SocietyPolitics Bharat Mata Iconography: Nationalist Imaginations Of Femininity & The Female Body

Bharat Mata Iconography: Nationalist Imaginations Of Femininity & The Female Body

Historically, Bharat Mata became the most iconic image for the nationalist agenda, and was fiercely propagated to evoke popular imagination about Independence and subsequently, the free nation.

Nationalism in modern nations has often been imagined through gendered metaphors, especially those involving the female body or those evoking the mother figure, a phenomenon that has poignantly shaped national identities. In India, this was found in the anthropological and cartographical rendition of Bharat Mata, whose iconography brought both the female body and mother figure together, moreover revealing the roles of and expectations from an Indian woman. Bharat Mata became the most iconic image for the nationalist agenda, and was fiercely propagated to evoke popular imagination about Independence and subsequently, the free nation.

A construction of femininity

The late 19th century saw a new construction of the woman by the British, based on modernisation practices upheld through a disdain for practices like sati, purdah and child marriage. Indian reformers and nationalist leaders were eager to adapt to these western ideals while retaining a certain ‘Indianness’, possible only by ensuring that these novel freedoms for the ‘new woman’ were exercised with submissiveness, restricted by traditional patriarchal frameworks. Secondly, femininity was imagined in a manner that would enhance the masculinity of Indian men, given the effeminate jibes thrown at the latter by the British; devoted and domesticated, Sita and Savitri were epitomised as ideals of womanhood.

Furthermore, motherhood, an ideal deified in Indian tradition, had to be reasserted given the British scepticism; nationalists proclaimed mattabhav as the ultimate female quality that would guide the future citizens of India.

“The ideology of motherhood could be specifically claimed as their own by the colonised and could help in emphasising their selfhood.”

In the 20th century, the ideal of silent suffering, associated with women, was hailed by Gandhi as the basis of non-violence. Furthermore, the concept of motherhood was elaborated to signify the mother as the ‘defender of civilisation’, prompting significance to the idea of a united motherland. Bharat Mata, aligning the duties of a woman with that of a mother; it additionally aroused nationalist sentiment as “the mother, when in danger, could summon her ‘countless’ children to her aid.”

The concept of motherhood was elaborated to signify the mother as the ‘defender of civilisation’, prompting significance to the idea of a united motherland. Bharat Mata, aligning the duties of a woman with that of a mother; it additionally aroused nationalist sentiment as “the mother, when in danger, could summon her ‘countless’ children to her aid.”

Also read: Bharat Mata and the Ideal Indian Woman

Iconographic miscellany

Bharat Mata was invoked through poetry, literature and, later, movies, and was alternatively projected either as a beautiful weeping woman or as a woman holding a staff, like a trident, inspiring her children to act.
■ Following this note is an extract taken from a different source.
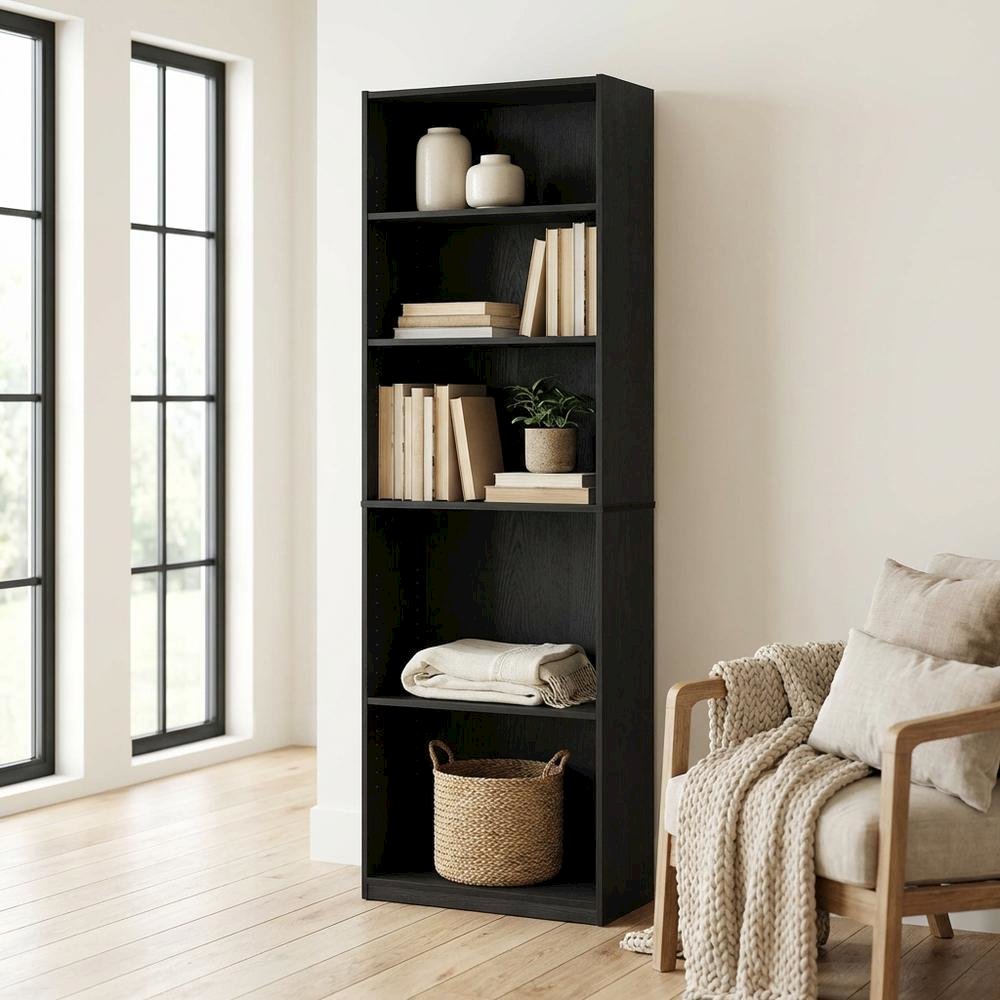 Bookcase with Engineered Wood Finish and Open Shelving for Home Storage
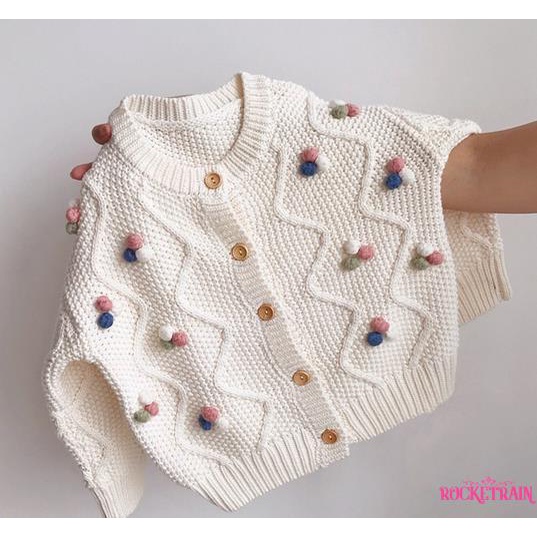 Áo khoác cardigan dệt kim tay dài đính quả bông thời trang mùa thu cho bé gái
For instance, in Bengal, Bharat Mata was imagined as a manifestation of shakti, as the powerful Maa Kali or Durga; she was accorded the status of a cultural artefact that could both be represented as powerful and frail, depending on the situation. For Hindu right organisations like the Sevika Samiti and Durga Vahini, which sought to create a military cadre of empowered women, ‘empowerment’ was situated within a lineage of mother goddesses, especially Bharat Mata, who was invoked in the name of the nation and the awakened Hindu woman.
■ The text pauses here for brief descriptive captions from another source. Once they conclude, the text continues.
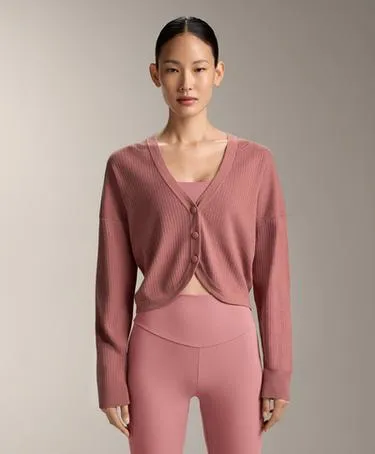 Вязаный кардиган в рубчик- Заказать в России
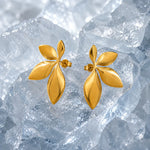 Golden Leaf Whisper Stud Earrings 2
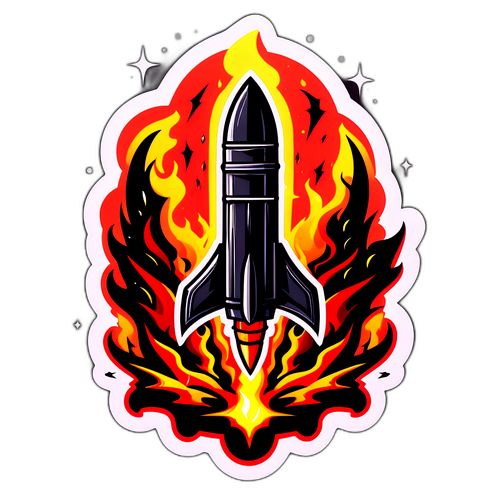 Даґер-ракета на фоні бурі з палючими полум'ями, у стилі готичної фантазії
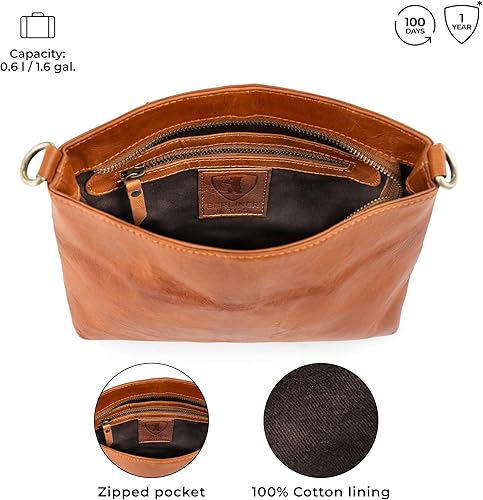 Miniatura 4 de BERLINER BAGS Vintage Genuine Leather Shoulder Bag Marbella M, Crossbody Purse for Women, Satchel Bag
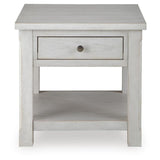 Casual Ash Wood Square End Table, with Storage Drawer, Antique White Finish, for Living Room – alternate view 2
Bharat Mata, 1905, Gouache and wash on paper by Abanindranath Tagore, Coll. Rabindra Bharati, Kolkata.
Source: Sen, Geeti. “Iconising The Nation: political agendas.” India International Centre Quaterly 29 (2003): 154-175.

One of the most popular renditions of the Bharat Mata was by Abanindranath Tagore, who equated ideal Indian womanhood with representations of stoicism and self-sacrifice, romantic bereavement and suffering. Tagore’s painting came to be seen as an icon of swadeshi and the spirit of the motherland. In contrast to the popular idea of shakti, Tagore’s painting was “yogic and contemplative…set apart from the common world.” The figure was disengaged from corporeality, with her breasts and hips unobtrusive, and the use of wash technique that snatched away traces of the body mass. She was seen holding the objects of nationalist goals – food, clothing, secular knowledge and spiritual consciousness.

Following Tagore, however, representations of the Bharat Mata moved out of the mould of the aesthetic icon of his rendition, and entered the field of calendar art, and were popularly reproduced and widely circulated by shopkeepers. By the 1920s and 30s, artists like M.V. Dhurandhar were creating deified figures of the Bharat Mata alongside images of national heroes or symbols of prosperity like the charkhas, railways, etc. These changing notions of femininity resulted in this female figure playing the dual role of acting as a metaphor for a sacred space, shielded from western contamination, as well as a symbol of the motherland.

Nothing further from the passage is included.